The robotic arms portion of the system 100 includes two robotic arms of equal size and shape, each having a certain degree of freedom of movement. In one implementation, the degree of freedom for each robotic arm is 5 degrees. In other implementations, the degree of freedom may be larger than 5 degrees or may be different for each arm. As shown in FIG. 3, which depicts a side view of the system 100, each robotic arm includes three pivotable links. These links include a first movable link 9, a second movable link 10 and a third movable link 11, which may act as an end effector. These pivotable links are connected via shafts (not shown) that enable their movement along a desired axis, as illustrated in FIG. 3. For example, the first movable link 9 and second movable link 10 can pivot in the vertical direction by 180 degrees, thus enabling the links to move forward and backwards as needed. The third movable link 11 can also move up and down about an axis parallel to the longitudinal axis of system 100.

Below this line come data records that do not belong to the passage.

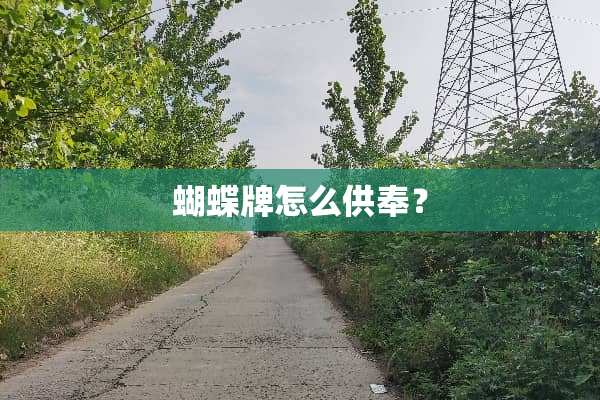 蝴蝶牌怎么供奉？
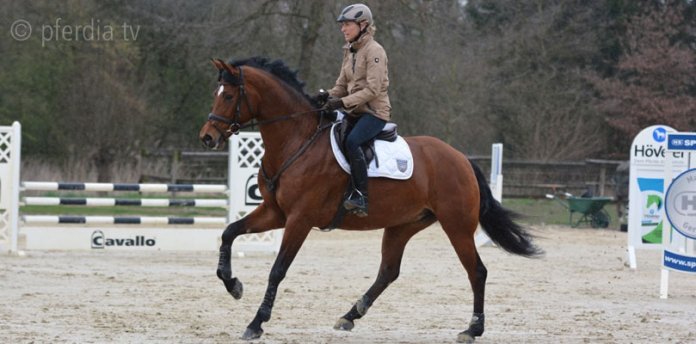 pferd-verweigert ingrid-klimke-verweigern
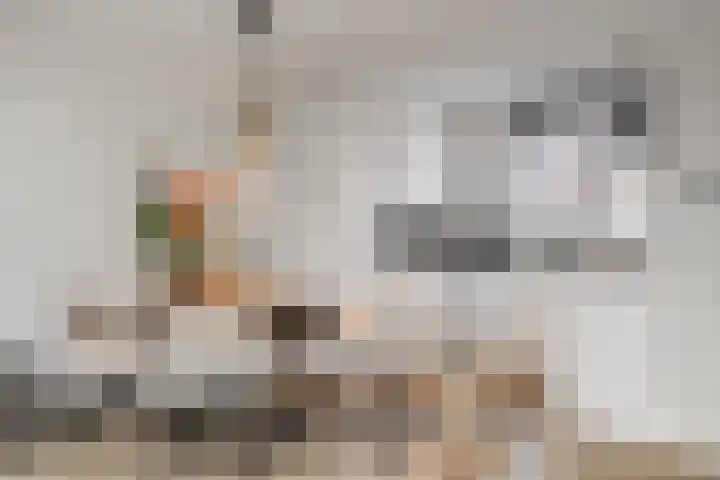 Kruiszwin 5107 Julianadorp thumbnail 10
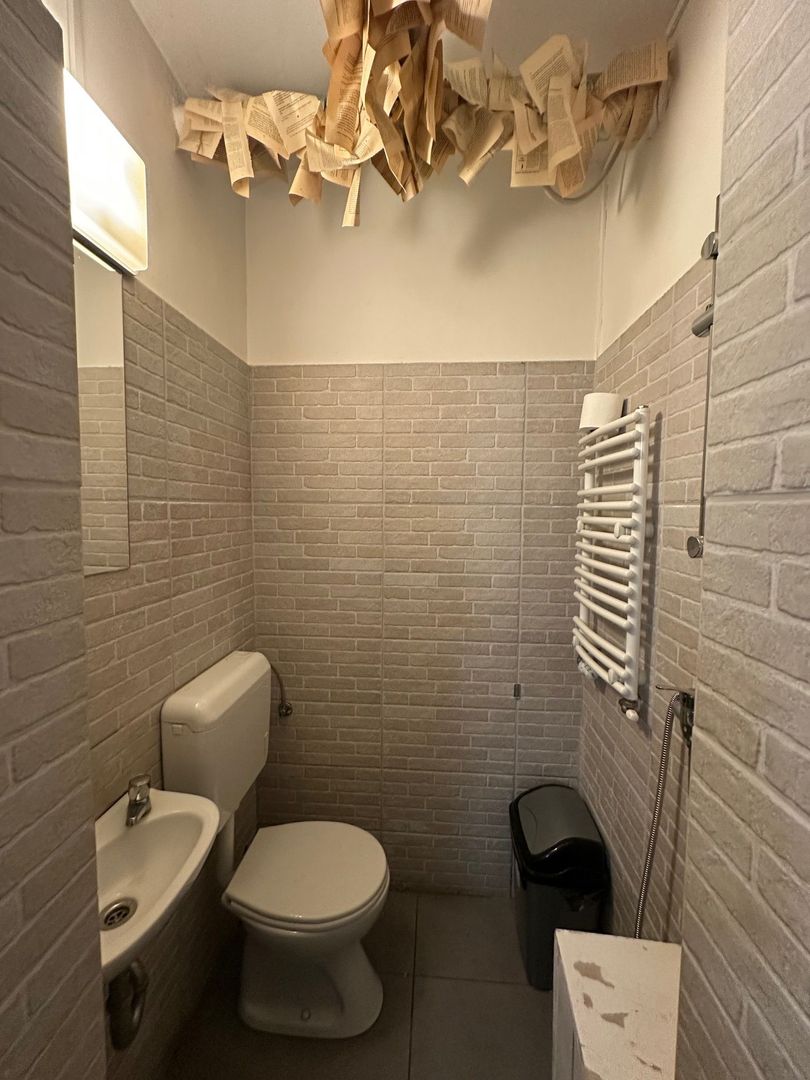 Spatiu comercial în Piața Unirii - 155 mp - Poză 25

The torque required to pivot the tilted link 9 may be provided by a motor 21 and a gearbox 22, which is provided to reduce the angular velocity and increase the torque of a shaft connected to the movable link 9. The torque may be applied to a unit 23 which passes through an opening in the bottom of the tilted link 9. The motor 23 can transfer its power to the unit 24 and in turn to pulleys 17 and 18 to pivot the first movable link 9 in a desired direction and angle. The second movable link 10 can be moved through a torque applied by the motor 23 and gearbox 24 to a pulley 17, which is connected through a belt (not shown) to a smaller pulley 18. The pulley 18 is connected to the second movable link 10 via a shaft (not shown) that passes through an opening of the second movable link 10. In one implementation, the shaft passes through two openings (not shown) on the upper portion of the first movable link 9 and one opening of the second movable link 10, thus in this manner connecting the first movable link 9 to the second movable link 10. Rotation of the pulley 17 causes a belt that passes through the pulley 17 and pulley 18 to move, thus moving pulley 18. As a result, the shaft connected to the pulley 18 rotates, thus moving the second movable link 10 by a desired degree. In one implementation, a motor 21 supplies the torque required to rotate the first movable link 9 through gearbox 22 and a shaft of the first movable link 9 which has bearings located on a movable platform 8. The third movable link 11 can in turn, be rotated via a motor (actuator) 25 which has a shaft connected to a pulley 19. The pulley 19 is connected to a pulley 20, via a belt. The pulley 20 is attached to the third movable link 11 via a shaft (not shown) that passes through an opening in the third movable link 11 (not shown). In this manner, the rotation of pulley 20 caused by the belt that passes through both pulleys 19 and 20 causes the shaft connected to pulley 20 to rotate, thus movable the third movable link 11 can be moved separately as needed. It should be noted that the actuator (i.e. motor) for each link is located on a previous link to move the center of mass away from end effector. In this manner, each of the first, second, and third movable links 9, 10, and 11 can be moved separately, each having an individual degree of freedom.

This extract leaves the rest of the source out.